After learning the trade from the owner of Rust Nursery Company in South Pasadena, he founded his Nippon Nursery Company with two partners who soon after moved back to Japan, after which he bought them out and became sole proprietor.
Nippon Nursery provided palms, ferns, roses, evergreens and ornamental trees to hotels and middle- to upper-class residential properties throughout Pasadena and Altadena. It became a thriving enterprise and Hanhichi a prominent businessman.

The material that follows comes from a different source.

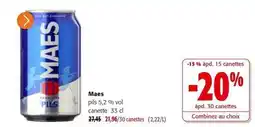 Colruyt Pils 5,2 % vol. canettes offre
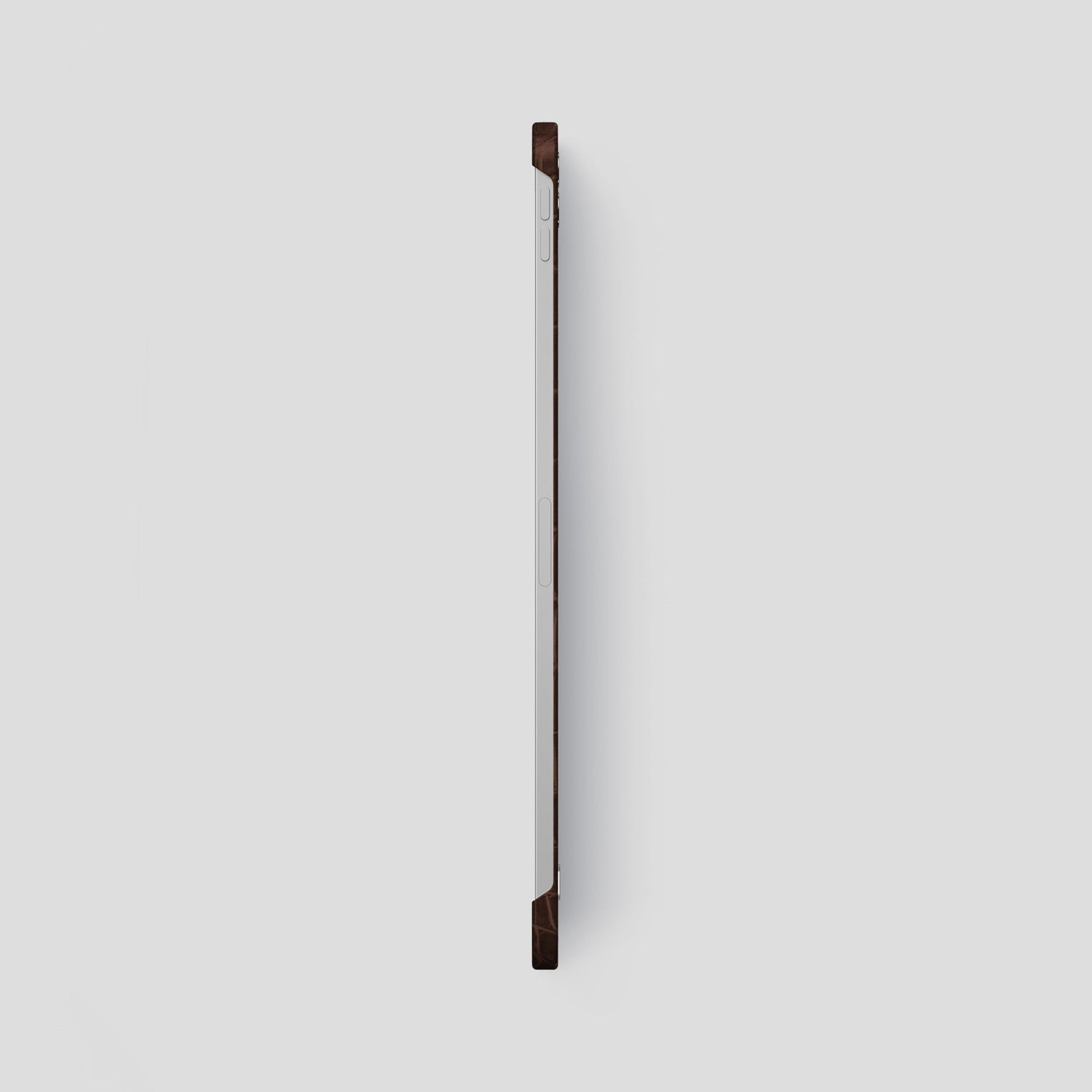 Dark Brown iPad Pro 12.9-inch Case Himalayan Crocodile with Steel Metal -3 | Dark-Brown-Steel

La Pintoresca Hotel at the northeast corner of Fair Oaks and Washington was one of his many clients:
Hanhichi and his wife Taeno raised six children at 1485 E. Orange Grove, near the nursery, and were one of only three Japanese families living east of Lake Avenue. At the time, most Japanese families lived in what was for many years known as
Japantown in what is now Pasadena's
Central District.
Here's the family circa 1922:
And a formal family portrait about 10 years later:
The children -- Masa born 1912, James Hajime born 1914, Kaoru born 1916, Takeko born 1919, Mari born 1922 and George Minoru born 1929 -- attended Thomas Jefferson Elementary School and John Marshall Junior High School. Five of the six attended Pasadena High School and Pasadena Junior College; Masa was educated in Japan during her high school years.

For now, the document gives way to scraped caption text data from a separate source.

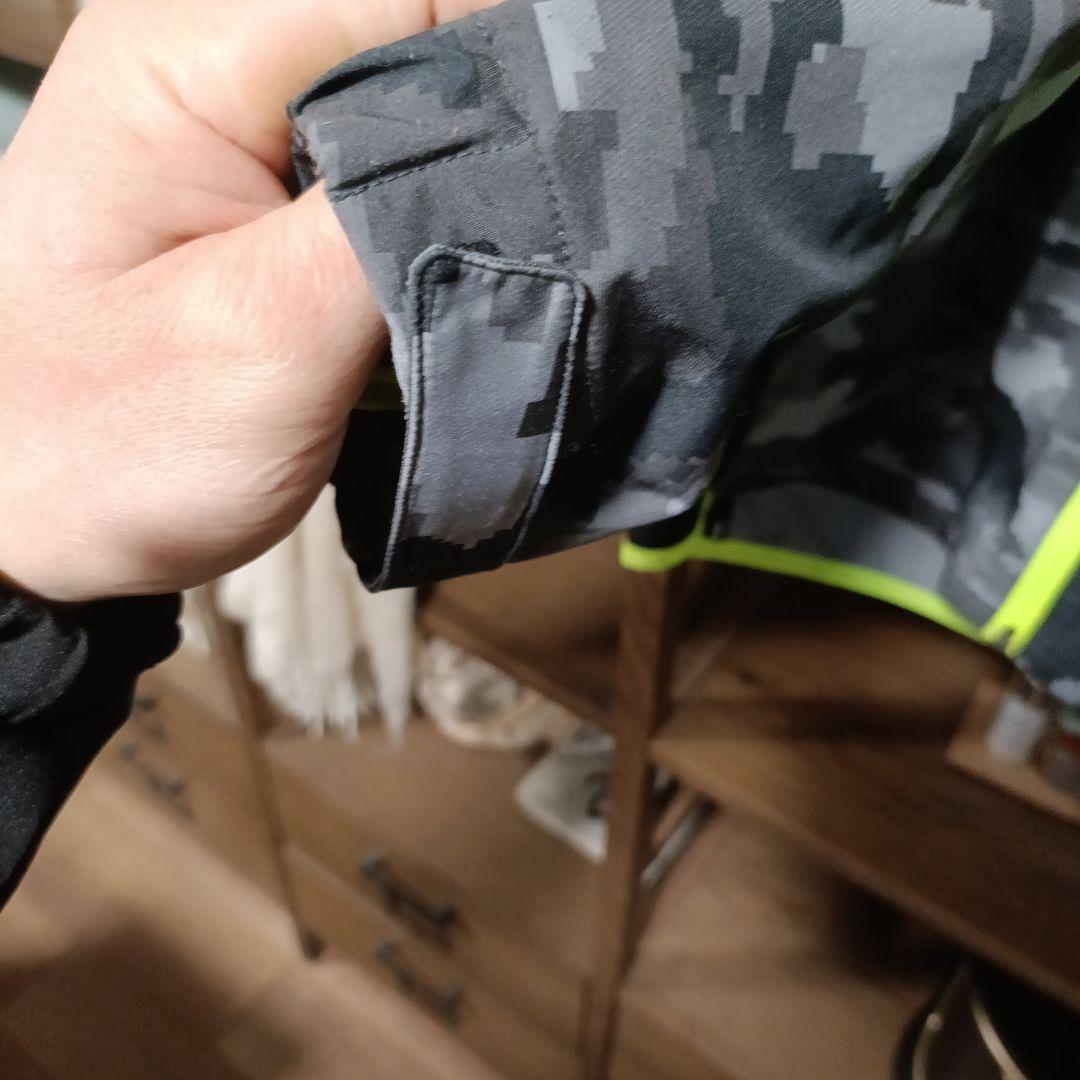 Lサイズ ナイキNFTB サッカー　ウェア　ナイロンジャケット　カモフラ迷彩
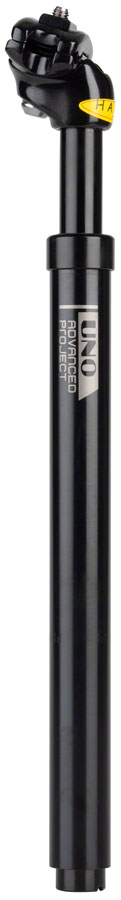 Kalloy Uno Comfort Sus 27.2mm 350mm Setback Seatpost Black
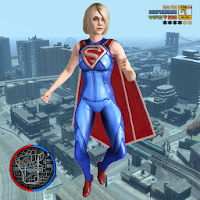 Amazin Super Girl Rope Hero -Girl strange war hero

After the bombing of Pearl Harbor in 1941, the Wakiji family was among many
that were evacuated from the west coast of the mainland to internment camps farther inland. The Wakijis went through the processing center at Santa Anita Racetrack and were sent to the
Gila River Relocation Camp.
By the time they returned to Pasadena in 1945, Nippon Nursery had fallen into a state of neglect so Hanhichi enlisted help in putting it back into shape quickly and rebuilding the business. He experienced discriminatory post-war comments about the name Nippon (the native name for Japan) so he changed the name to Wakiji Nursery.
Here's the extended family in the 1950s with Hanhichi and Taeno sitting in front:
Hanhichi retired in the mid-1950s. Two of his children continued to operate the business for another decade until they closed shop after he died in 1966.

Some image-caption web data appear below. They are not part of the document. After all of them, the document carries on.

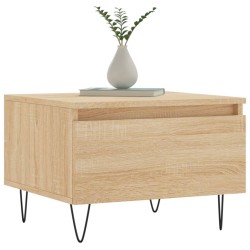 Table basse chêne sonoma 50x46x35 cm bois d'ingénierie 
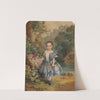 Little Girl with a Hoop by Juan Buckingham Wandesforde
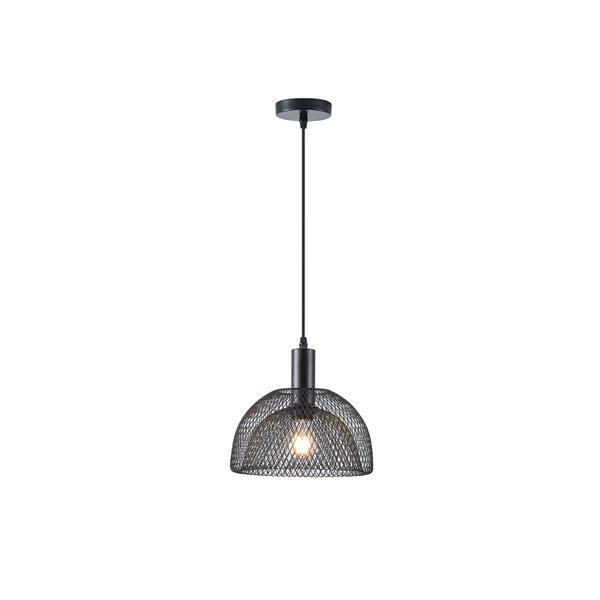 LÁMPARA DE TECHO COLGANTE 1xE27 MÁX. 15W 255x1280mm CAMPANA ARTE ILLUMINA NEGRA HOOD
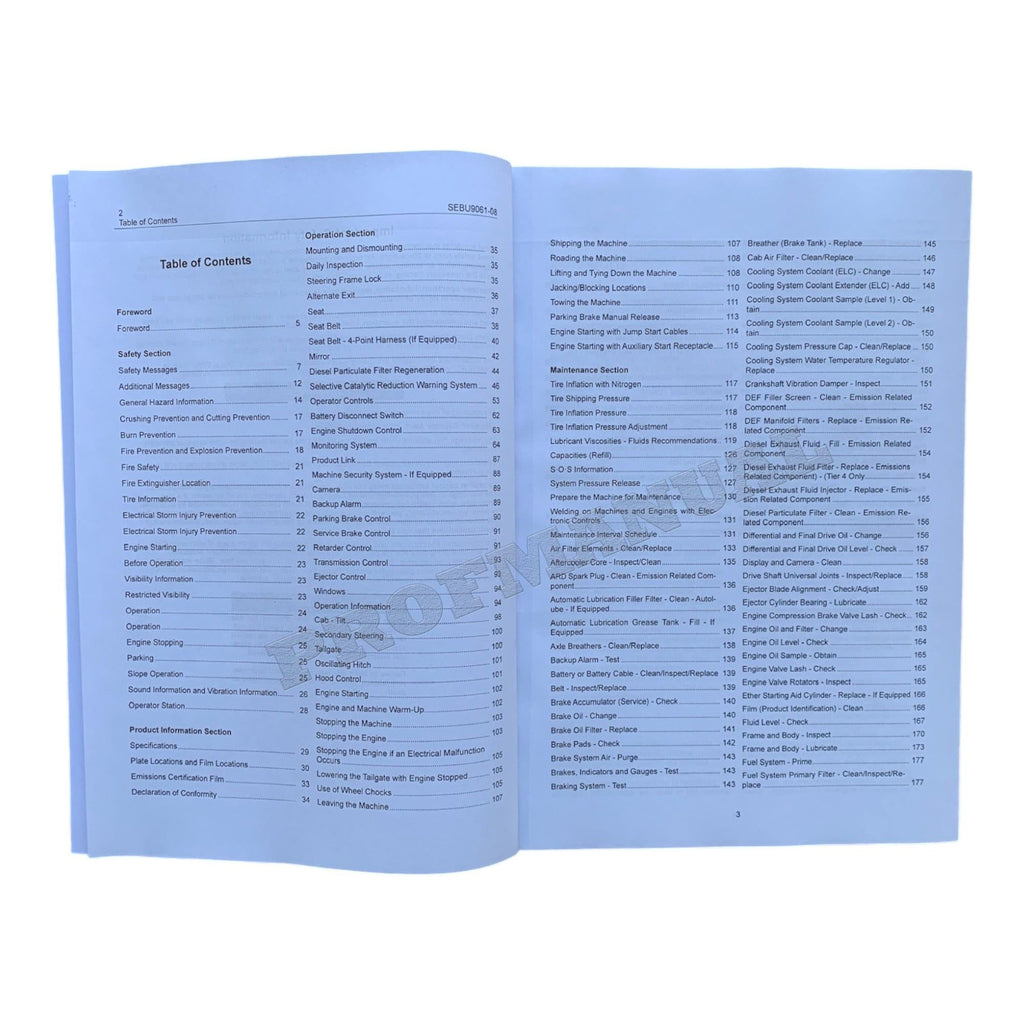 Caterpillar 740C Ejector Articulated Truck Operators Maintenance Manual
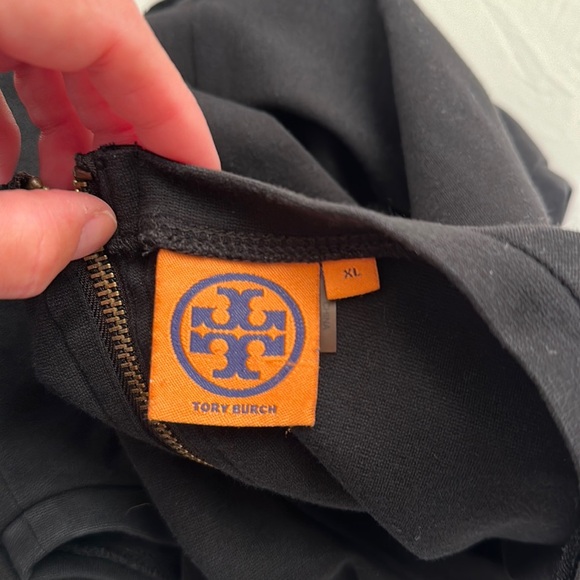 Tory Burch black stretch sleeveless dress with belt - Picture 5 of 11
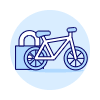 Bike Padlock illustration - Free transparent PNG, SVG. No sign up needed.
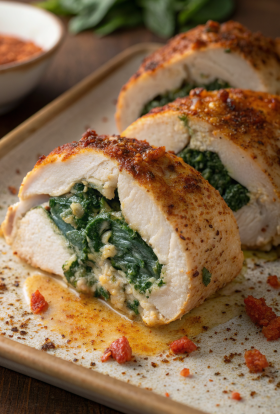 Spinach Stuffed Chicken Breasts Recipe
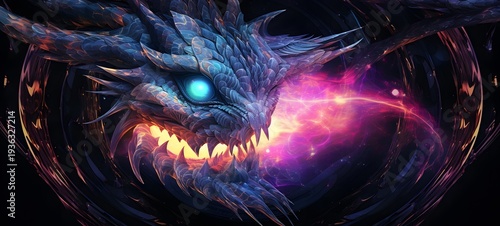 Astral vision dragon busther meets cosmos,generative AI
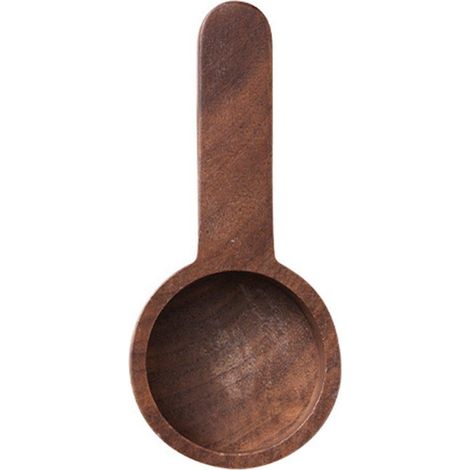 Cuillère doseuse en noyer noir, bois massif, pour café, lait en poudre (poids en grammes). (1/5)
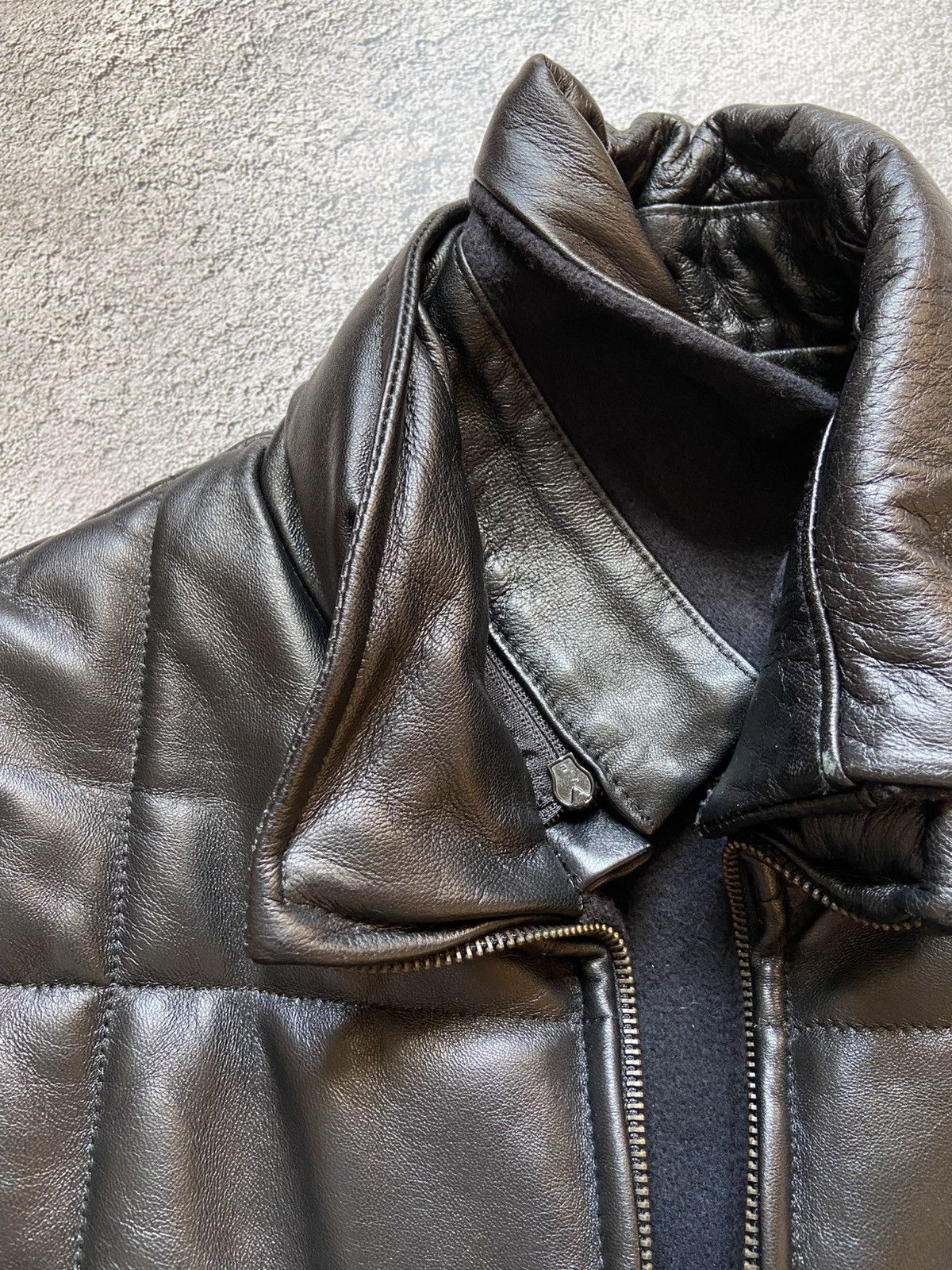 If Six Was Nine Vintage Padded Leather Vest Rick Owens Undercover Style Size US M / EU 48-50 / 2 - 6 Thumbnail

Hanhichi and Taeno Wakiji are buried at the Mountain View Cemetery in Altadena.
Many thanks to the Wakiji family, the Japanese American National Museum and the National Archives.
3 comments:
What a great history! There are so many things in this post that I didn't know about Pasadena, and I love jumping from link to link to find out more....
I'm not a link-jumper, but I will this time. Fascinating story.
It's epic, really. Think about all that time. And the internment is such a strange outrage, so hard to imagine and yet not so long ago.
Thank you for a remarkable post, Ann.